In software engineering, there is a subtle but significant difference between an estimate and a target. This difference is often overlooked, and can easily lead to conflict that disrupts the progress of a software project. With all of the other potential causes of disruption, software engineers have to eliminate as many risks of this type as possible.
There are two ways to represent time when giving an estimate, effort and duration. Effort describes the actual person hours required to complete a task. Duration describes the amount of calendar time required to complete a task, taking into account the fact that people don’t work twenty four hours a day. Both formats are acceptable, as long as everyone understands which is being given.
The other important thing about an estimate is that it is intentionally imprecise. Estimates are meant to describe the uncertainty surrounding a task to help in project planning. Ideally, an estimate should consist of one value and a probability or multiple values with or without probabilities. Here are a few examples.
- 95% chance of delivery in two weeks
- Between seventeen and twenty four hours of effort.
- 50% chance of delivery in ten days, 95% chance of delivery in fifteen days
In contrast to the variety of ways an estimate can be expressed, a target must be represented as a single date or date and time. While estimates are used in the earlier stages of project planning, targets are used to set the final schedule and delivery dates of a project.
Although targets do not convey any information about the variability of a task’s effort or duration, that doesn’t mean that they can’t include uncertainty in their definition. Just as project a project schedule may have a managerial reserve allocated to handle unexpected challenges, a target may be built in the same way. Here are some examples of targets.
- The project will be completed by December fourth
- The project will be completed within 10 days
In my experience, very few people actually make estimates, and pretty much everyone wants a target, even though they call it an estimate. It seems, intuitively, that as long as everyone has the same understanding of the meaning of the words, this wouldn’t pose a problem. Maybe that’s true, but is it really worth taking the risk? One thing is for sure, a misunderstanding between parties can result in major difficulties.
Everybody in Agreement
Imagine a hypothetical project involving two people, Alan and Bob. Let's consider a scenario where Alan must deliver an estimate or a target to Bob. Regardless of what terms are used, there are three ways for the scenario to unfold. The first possibility is that Alan gives Bob exactly what he needed. Whether it is an estimate or a target, they are both on the same page. This is ideal.

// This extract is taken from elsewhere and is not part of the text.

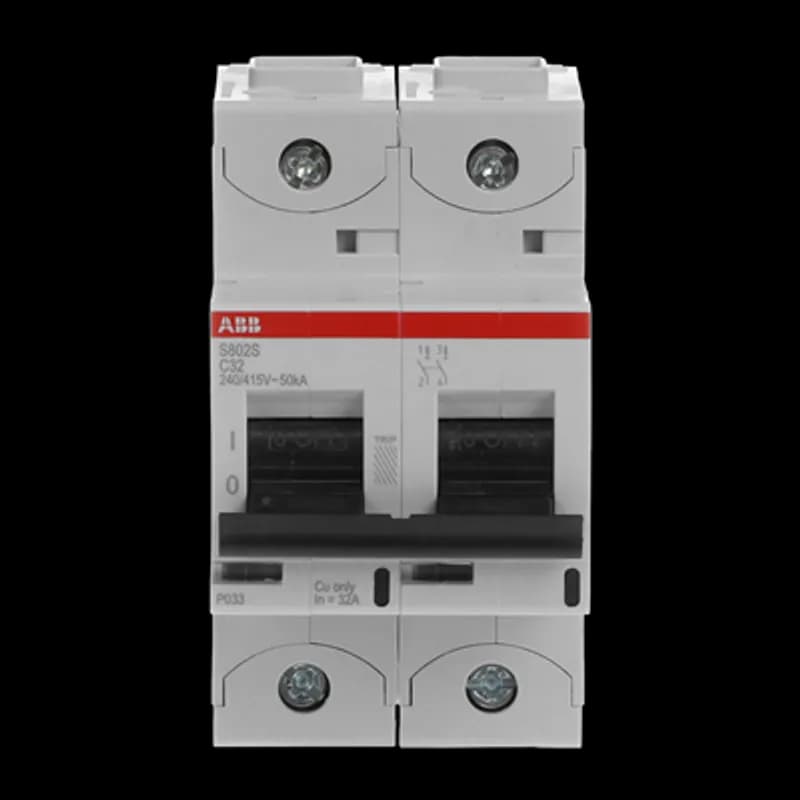 The S802S-C32 is a 2-pole High Performance Circuit breaker with C-characteristic, with cage terminal and a rated current of 32 A. It is a current limiting device with a maximum breaking capacity of 50kA at 240/415V. It can be used for voltages up to 400/690V and in DC as well. It has two different tripping mechanisms, the thermal tripping mechanism for overload protection and the electromechanic tripping mechanism for short circuit protection. The S802S-C32 complies with IEC/EN 60898-1 and IEC/EN 60947-2 and allows the use for residential, commercial and industrial applications. It has numerous of approvals, therefore it can be used worldwide. The extensive range of accessory makes the use of S802S-C32 more comfortable. Due to the fast arc extinction of S802S-C32 your application will be secured.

Estimate When a Target Is Needed
The second possibility is that Alan gives Bob an estimate when he really needed a target. Naturally, estimates are less accurate than targets, so it is very likely that Alan's numbers will either be high or low. if his numbers are low, Alan may be in a tight spot when he winds up with a deadline assigned based on his estimate. If the numbers are high, Bob may balk at them and send Alan back to the drawing board. Worse yet, Bob might assign his own deadline arbitrarily. In either case, Bob may lose confidence in Alan's ability to provide accurate information on the time required to complete a task. Over time, Alan's “estimates” may begin to be second-guessed. This is likely to lead to open conflict and a large loss of morale.
Target When an Estimate Is Needed
The third way that the situation between Alan and Bob could unfold is that Alan gives Bob a target when Bob really needed an estimate. The results here may not seem as bad, but the effects are still detrimental to planning efforts. A target provides only a single point of data, with no information about its variability. A true estimate, while less precise than a target, offers some insight into the probabilities of the possible outcomes. In the environment of a project, there are relationships and dependencies between tasks. Variability information on the possible completion time of an individual task can be crucial for building a project schedule that is efficient, but still capable of absorbing time lost to uncertainty.
How to Avoid The Confusion
So what can you do to avoid these pitfalls? If you are Alan, the person being asked for the estimate/target, the most important thing is to understand exactly what you're being asked for, regardless of what it is being called. In most cases, the only way to really tell is by seeing what gets done with the numbers you provide, and remembering that for the future.
If you are Bob, and must collect a target or estimate from a coworker, you are at an advantage. Since you are the one requesting the information, you have the perfect opportunity to include a precise explanation of what you need. If you are working with a target, be sure to make it clear that the information you are given will be used to define deadlines. In the case of an estimate, make sure the estimator knows that the variability information he or she includes in the estimate will be used to help plan the project.
Above all, keep the lines of communication open. Even if everyone isn't on the same page the first time around, it is inevitable that another estimate or target will be needed soon enough. Being constructive is key in getting everyone to work together effectively, regardless of the terminology being used.